═══ DATA RECORDS ═══

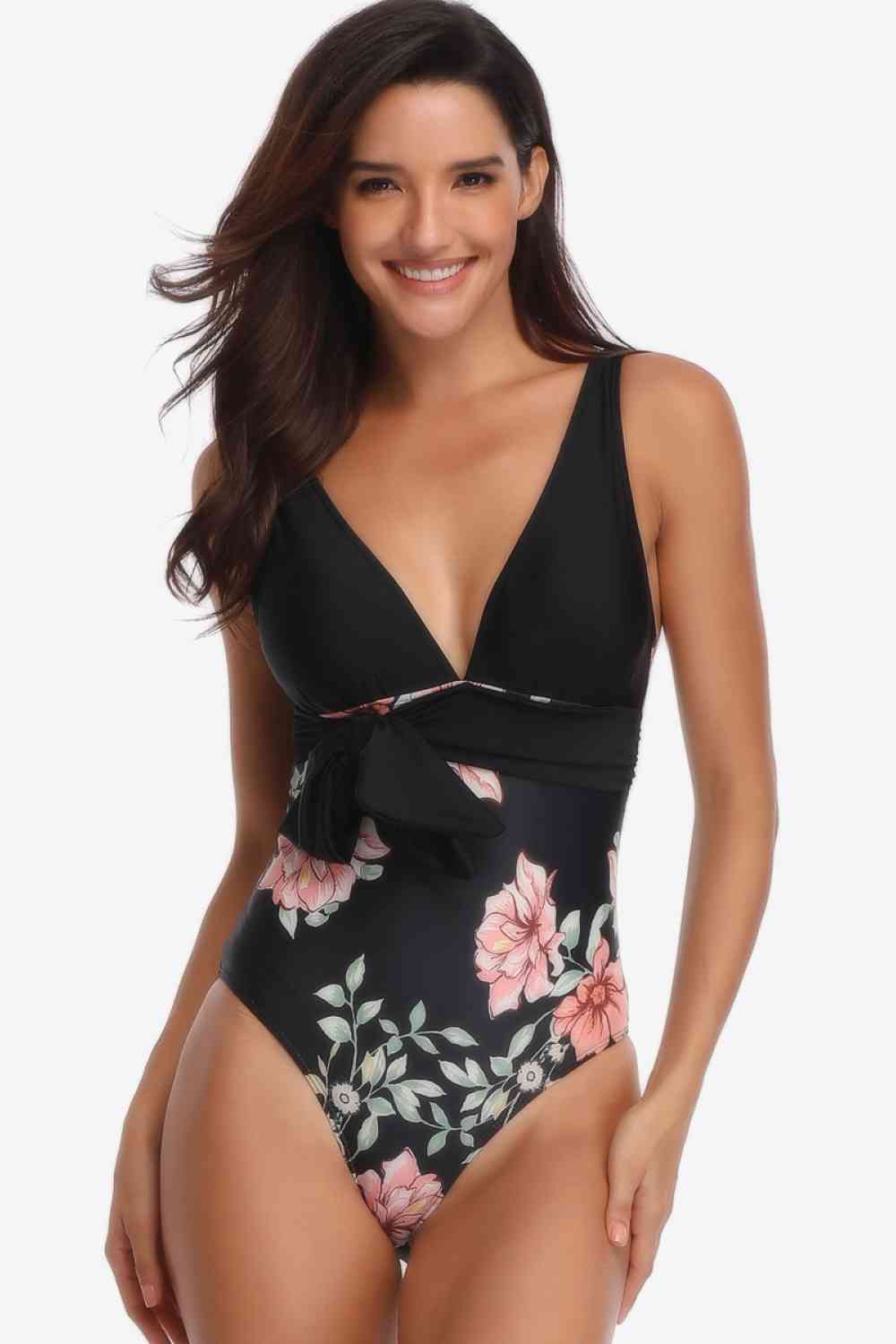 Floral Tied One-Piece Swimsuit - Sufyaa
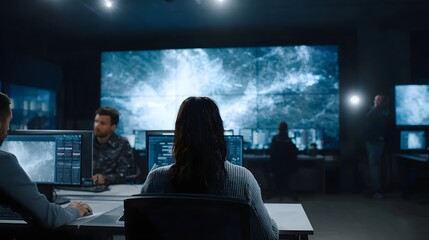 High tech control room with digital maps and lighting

═══
═══ DATA RECORDS ═══

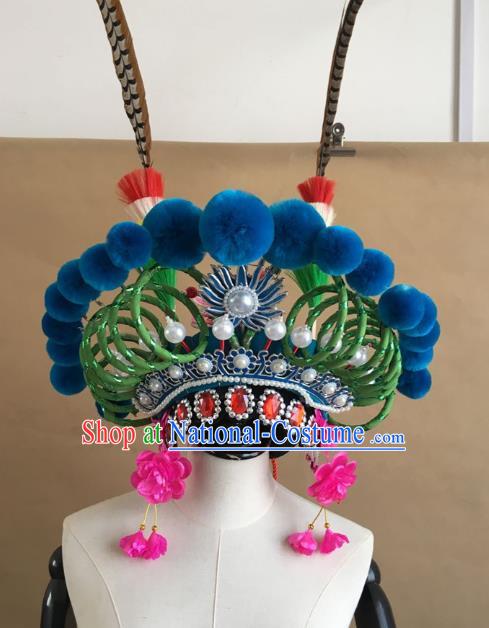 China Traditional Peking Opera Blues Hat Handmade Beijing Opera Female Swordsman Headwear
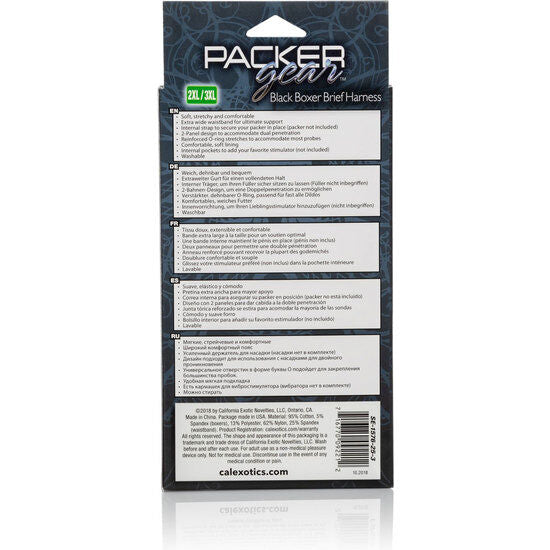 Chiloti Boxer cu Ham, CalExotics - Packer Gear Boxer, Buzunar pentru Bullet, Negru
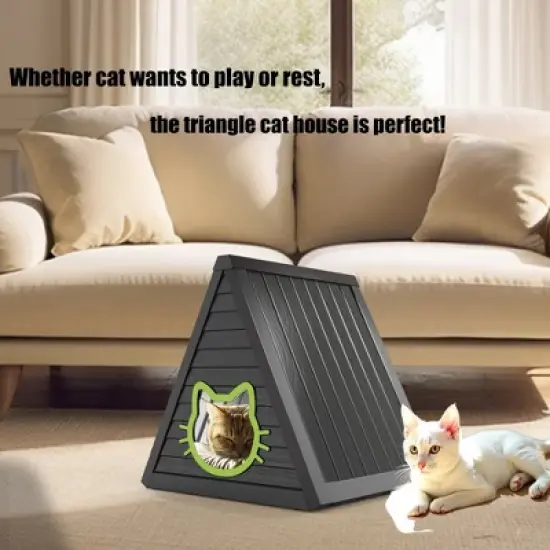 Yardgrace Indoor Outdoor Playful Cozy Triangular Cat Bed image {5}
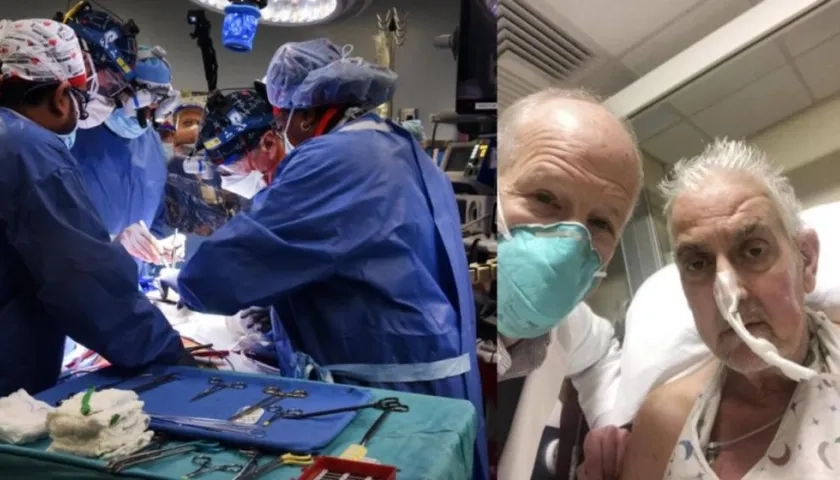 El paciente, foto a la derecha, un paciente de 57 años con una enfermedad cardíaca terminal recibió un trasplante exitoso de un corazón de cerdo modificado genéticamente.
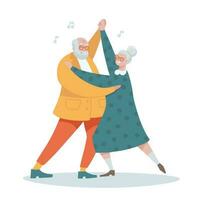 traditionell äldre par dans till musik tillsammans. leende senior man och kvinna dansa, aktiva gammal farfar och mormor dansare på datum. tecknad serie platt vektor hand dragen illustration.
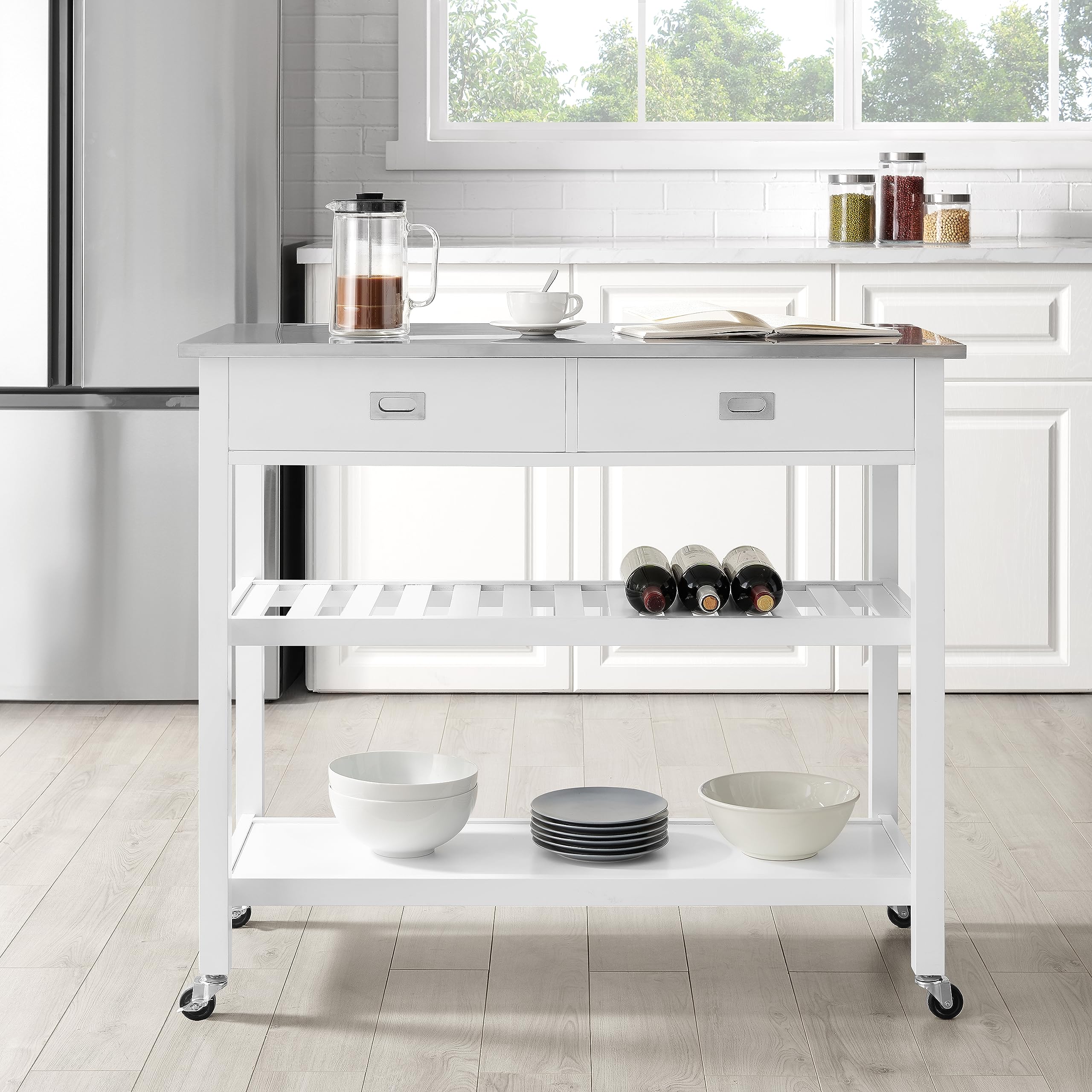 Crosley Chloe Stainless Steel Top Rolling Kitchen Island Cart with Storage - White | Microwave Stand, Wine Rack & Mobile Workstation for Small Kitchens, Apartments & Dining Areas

═══

ACTIVITY> Starting at the line containing "Floral Tied One-Piece Swimsuit - Sufyaa" and finishing at the line containing "High tech control", return those lines exactly as they appear above, without the pictures.

SOLUTION BELOW>
 Floral Tied One-Piece Swimsuit - Sufyaa
 High tech control room with digital maps and lighting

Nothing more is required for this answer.